そこに兵士達の中から、女性でもあるウォンバットが進み出てきて。彼らと”おしゃべり”を開始した。
「どうも、皆さん。我々はダイアモンド・ドッグズ。ただの傭兵です」
「?」
「我々は昨日、ハン将軍との契約を反故にされ。あまりに大きな金銭的損失を前に我を失い、こうして皆様に報復しに参りました。ここまで理解できましたか?」
「な、なんだって?」
たんたんと状況だけを述べる相手に、どこかまだ余裕があるのだろう。
将軍の家族――大人たちは全員目の奥に、怒りの炎が見隠れしているのが感じられた。
「お、お前達!」
「はい」
「わかっているのか!?俺達の兄貴は、この国の将軍なんだぞ。兄貴が――」
まだ続けようとする将軍の弟の背後から、兵士が警告なしでその頭部を撃ち抜いて黙らせた。
女性達は「ひっ」と声を上げ。老人達は崩れ落ちるその体にしがみついて、声を上げて泣き出す。だが、ウォンバットはまったく容赦する様子は見せない。
「失礼、こちらも時間が押しているのです。ここで皆様には、我々のビッグボスのお言葉をお伝えします」
そう口にすると、情報端末機を取り出してボタンを押す。
空中に映像が浮かび上がり。それが輸送機の中に座る、ビッグボス本人の顔を映し出した。
『俺達が、なぜそこにいるのか。すでに部下があんたたちに告げている頃だと思う』
ビッグボスの声は落ち着いていた。
『俺は、俺達を欺いた将軍への報復を決断した。それも徹底的に。その片鱗は、すでにあんたたちも見ていたはずだ」
「……」
『だがこれで終わりではない。始まりだ。――ハン将軍の奥方はいるな?」
「はい、ボス」
『これから俺は、奴に最後のチャンスをやる。それをどうするのか、あんたたちもよく見ておくことだ』
そういうとビッグボスの顔を映した映像が消え、別のものが――頭部から出血していると思われる、憎悪に顔をゆがませたハン・チェー将軍の姿が浮かび上がった。
家族は息を呑む中、画像の向こう側で声がする。
『家族が聞いている。最後に伝えたいことはなんだ?』
『……』
『時間はないぞ。いいのか?』
『黙れ!俺は、俺は将軍だぞ!ビッグボス、こんなことが許されると思っているのか!?殺してやる、俺の家族に手を出すなんて!!
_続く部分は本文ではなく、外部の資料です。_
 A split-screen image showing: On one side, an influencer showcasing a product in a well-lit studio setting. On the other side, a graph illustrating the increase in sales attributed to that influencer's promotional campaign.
いいか、お前は俺が殺す!俺が絶対、貴様を殺してやる。お前だけじゃない、お前の――』
画面に向かって吠え出したそこで、いきなり将軍の姿が消えた。
そのかわりに暴行を加えられているらしい音と苦悶の声が聞こえると、『時間切れだ、将軍』という声とともに。画面には銃を握る手が現れ、引き金が2度―ー。
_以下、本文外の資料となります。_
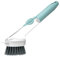 Soap dispensing dish washing brush, kitchen scrubbing brush with handle for pot, pans and sink cleaning (Blue)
『残念なお別れだったが、本人がいいのだから仕方がないな』
再び場面は変わり、ビッグボスが出てくる中。子供達も泣き出しているが、兵士達は微動だにしない。
『将軍の奥方、今のは見たな?これで、俺達の報復は半分だ』
「え、半分?」
聞きまちがえだろうか?
すでにきずかれた死者の山を前に呆然として、思考が停止しかけている家族にビッグボスの言葉は続いた。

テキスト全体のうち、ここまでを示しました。